With your docker-compose.yml file in place, you will also need to add a config/config.exs file to allow your application to communicate with your Postgres instance. In config/config.exs add the following:

use Mix.Config

config :elixir_popularity, ecto_repos: [ElixirPopularity.Repo]

config :elixir_popularity, ElixirPopularity.Repo,
  database: "elixir_popularity_repo",
  username: "postgres",
  password: "postgres",
  hostname: "localhost",
  log: false

config :logger, :console, format: "[$level] $message\n"

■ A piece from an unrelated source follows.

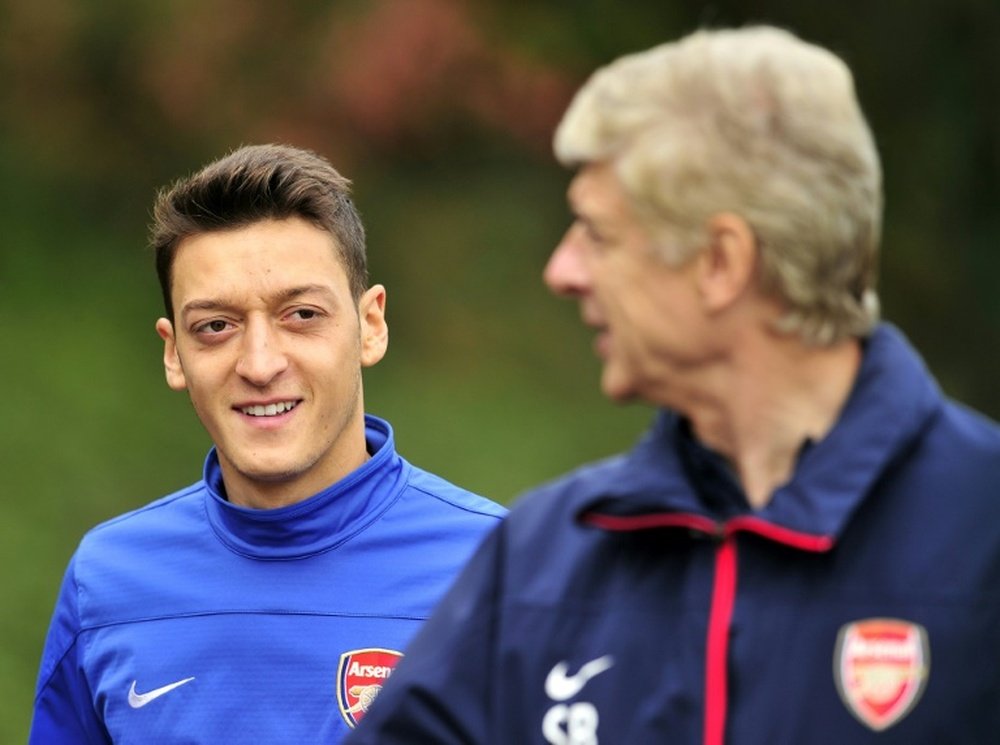 Özil parle à Arsène Wenger lors d'un entraînement d'Arsenal. AFP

In order for this configuration to work, you'll also need to create the ElixirPopularity.Repo module. Create a file at lib/elixir_popularity/repo.ex with the following contents:

defmodule ElixirPopularity.Repo do
  use Ecto.Repo,
    otp_app: :elixir_popularity,
    adapter: Ecto.Adapters.Postgres
end

You'll also want to start the ElixirPopularity.Repo under your application supervisor in lib/application.ex:

defmodule ElixirPopularity.Application do
  use Application

  def start(_type, _args) do
    children = [
      ElixirPopularity.Repo
    ]

    opts = [strategy: :one_for_one, name: ElixirPopularity.Supervisor]
    Supervisor.start_link(children, opts)
  end
end

The last thing that you will need to do is to fetch a copy of the docker directory from the GitHub repo associated with this tutorial (https://github.com/akoutmos/elixir_popularity). I won't deep dive into what exactly is in there, but in short it is the Grafana+Prometheus+RabbitMQ configuration files needed for the tutorial.

Now that everything is up to date on the Elixir side and all the configuration files are in place, feel free to start the Docker Compose stack by running:

$ docker-compose up

Once Docker Compose is up and running, you should be able to run mix ecto.create && iex -S mix without any DB connection errors.

Step 3: - Add HackerNews API module and supporting struct commit

In order to fetch data from the HackerNews API we'll want to create a helper module to actually make the HTTP calls to the API and a struct which will house all the relevant data that was fetched. Let's start by creating our struct module. Create a file lib/hackernews_item.ex with the following contents:

defmodule ElixirPopularity.HackernewsItem do
  alias __MODULE__

  defstruct text: nil, type: nil, title: nil, time: nil

  def create(text, type, title, unix_time) do
    %HackernewsItem{
      text: text,
      type: type,
      title: title,
      time: get_date_time(unix_time)
    }
  end

  defp get_date_time(nil), do: nil

  defp get_date_time(unix_time) do
    {:ok, date_time} = DateTime.from_unix(unix_time)

    DateTime.to_date(date_time)
  end
end

Once that is complete, we can create our HackerNews API module. Our module will reside in the file lib/hackernews_api.ex. Before diving into how it works, here is the module in its entirety:

defmodule ElixirPopularity.HackernewsApi do
  @moduledoc """
  Fetches data from the Hackernews API, extracts the necessary fields,
  and massages some data
  """

  require Logger

  alias ElixirPopularity.HackernewsItem

  def get_hn_item(resource_id) do
    get_hn_item(resource_id, 4)
  end

  defp get_hn_item(resource_id, retry) do
    response =
      resource_id
      |> gen_api_url()
      |> HTTPoison.get([], hackney: [pool: :hn_id_pool])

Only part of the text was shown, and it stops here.